Dear Committee Members is the first book I’ve written for adults in about 15 years: I published five novels for kids while my own kids were young, but now that they’ve turned into adults, I’m writing for the big folks again. But I enjoy writing for both audiences.
2. Are you a plotter or a free writer?
Generally a free writer — although that makes the process sound like whimsical good fun, when often it’s not. I wish I were more of a plotter. As a freewriter, I sometimes feel I’ve gathered the bits of a Frankenstein’s monster around myself, and then I’m faced with the grisly work of sewing the corpse together.
3. Is your book part of a series or a standalone?
Dear Committee Members is a standalone. Generally after I’m finished with a novel, I’m tired of the characters and wanting to move onto something else — a more cooperative (haha) group of people.
4. Do you require silence when writing or do you listen to music?
Definitely silence.

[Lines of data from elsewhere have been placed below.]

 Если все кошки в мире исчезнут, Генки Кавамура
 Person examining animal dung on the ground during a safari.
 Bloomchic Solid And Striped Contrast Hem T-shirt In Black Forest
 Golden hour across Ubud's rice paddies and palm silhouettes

I think only younger, more hip people write while listening to music, because they grew up with a forest of electronic devices chirping away on their writing desks. I grew up with a pull-chain bare bulb over my desk (which seemed romantic to me; I loved it) and a pad of paper. That’s still what I prefer.
5. Are you writing your next book? Can you share a little about it?

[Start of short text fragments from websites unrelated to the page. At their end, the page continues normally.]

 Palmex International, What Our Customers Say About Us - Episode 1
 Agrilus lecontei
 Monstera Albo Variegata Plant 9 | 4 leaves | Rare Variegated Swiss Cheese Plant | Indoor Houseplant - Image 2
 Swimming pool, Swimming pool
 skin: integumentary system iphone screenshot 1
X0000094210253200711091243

I’m working and re-working the next book, but it’s not yet cooperating, so I don’t want to talk about it here…. Thanks for the opportunity, though — as well as the reminder that I need to get back to work.

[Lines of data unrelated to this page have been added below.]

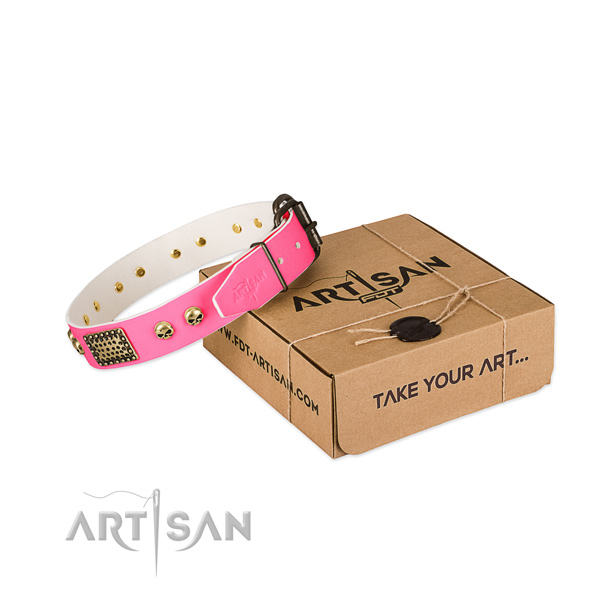Strong buckle on dog collar for everyday use
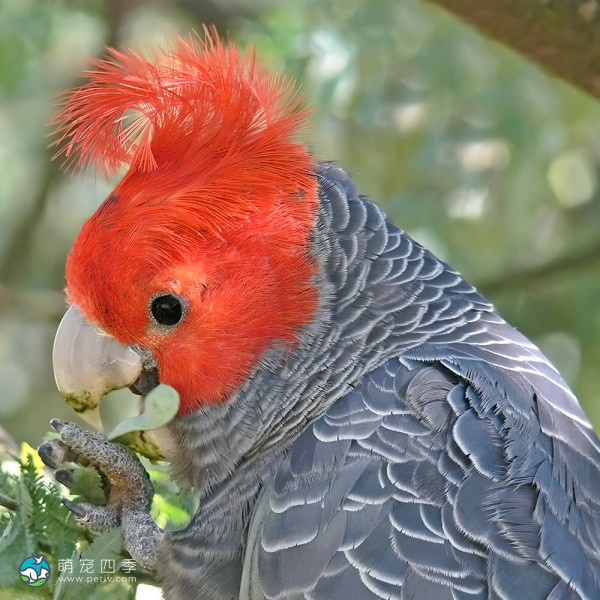 红冠凤头鹦鹉-4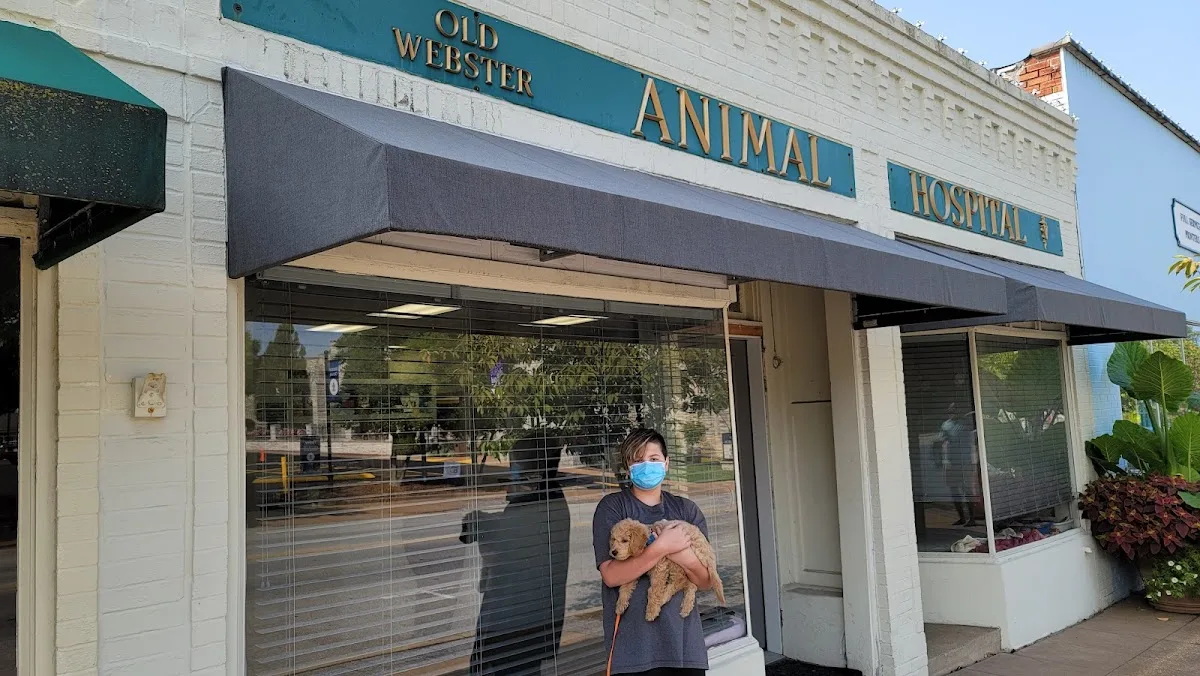 Webster Groves Animal Hospital: Nack Robert DVM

6. How long were you writing before getting a publishing contract?
That’s hard to say, because I was writing when I was in high school, and then in college, and then in grad school. I sold my first novel, The Body Is Water, after working on it for 6-7 years. My theory is: you have to write because you love writing, not because of the contract.
7. When does your book release?
Dear Committee Members came out in August of 2014; the paperback (same handsome cover, but less expensive) came out a month ago.
Julie Schumacher grew up in Wilmington, Delaware and graduated from Oberlin College and Cornell University. Her first published story, “Reunion,” written to fulfill an undergraduate writing assignment (“tell a family tale”) was reprinted in The Best American Short Stories 1983. Subsequent stories were published in The Atlantic, MS, Minnesota Monthly, and Prize Stories: The O.Henry Awards 1990 and 1996. Her first novel, The Body Is Water, was published by Soho Press in 1995 and was an ALA Notable Book of the Year and a finalist for the PEN/Hemingway Award and the Minnesota Book Award. It was published in translation in Germany, Norway, Sweden, Finland, Denmark, Israel, Greece, and Korea. Her other books include Dear Committee Members, An Explanation for Chaos, and five novels for younger readers, all from Delacorte. Ms. Schumacher lives in St. Paul and is a faculty member in the Creative Writing Program and the Department of English at the University of Minnesota.